◆ **Information supplied**
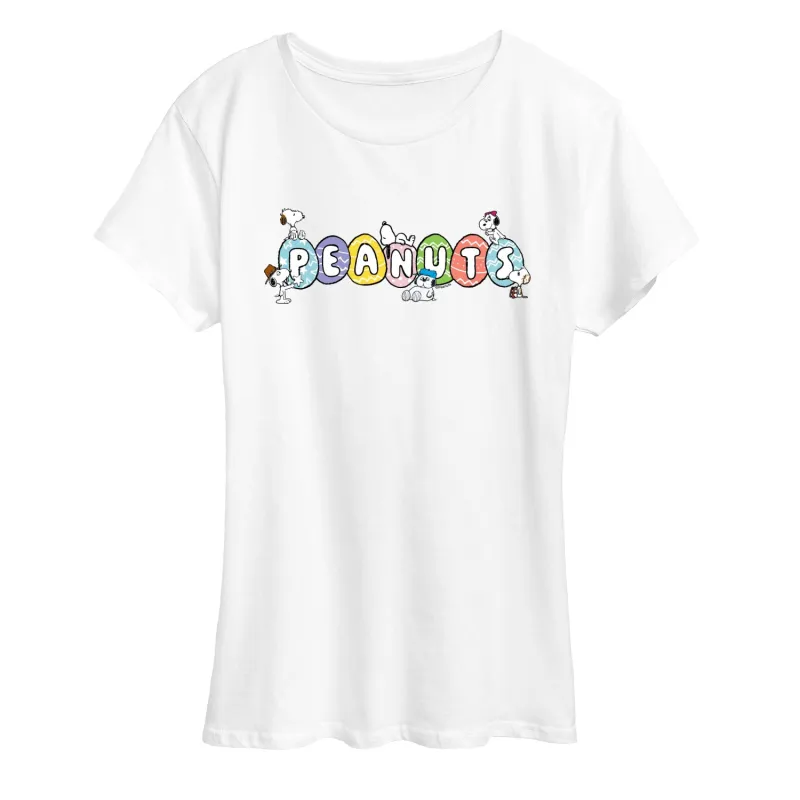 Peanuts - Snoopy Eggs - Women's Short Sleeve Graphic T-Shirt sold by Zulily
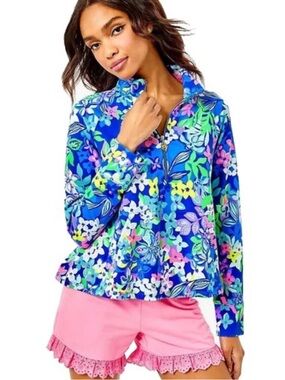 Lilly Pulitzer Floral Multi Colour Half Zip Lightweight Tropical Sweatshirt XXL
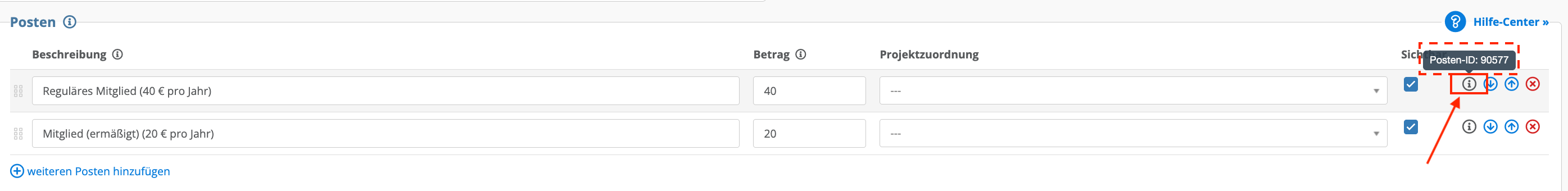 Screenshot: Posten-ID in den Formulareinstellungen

◆ **Your assignment**
Omit the pictures, and quote the material above exactly as given.

◆ **Exercise solution**
 Peanuts - Snoopy Eggs - Women's Short Sleeve Graphic T-Shirt sold by Zulily
 Lilly Pulitzer Floral Multi Colour Half Zip Lightweight Tropical Sweatshirt XXL
 Screenshot: Posten-ID in den Formulareinstellungen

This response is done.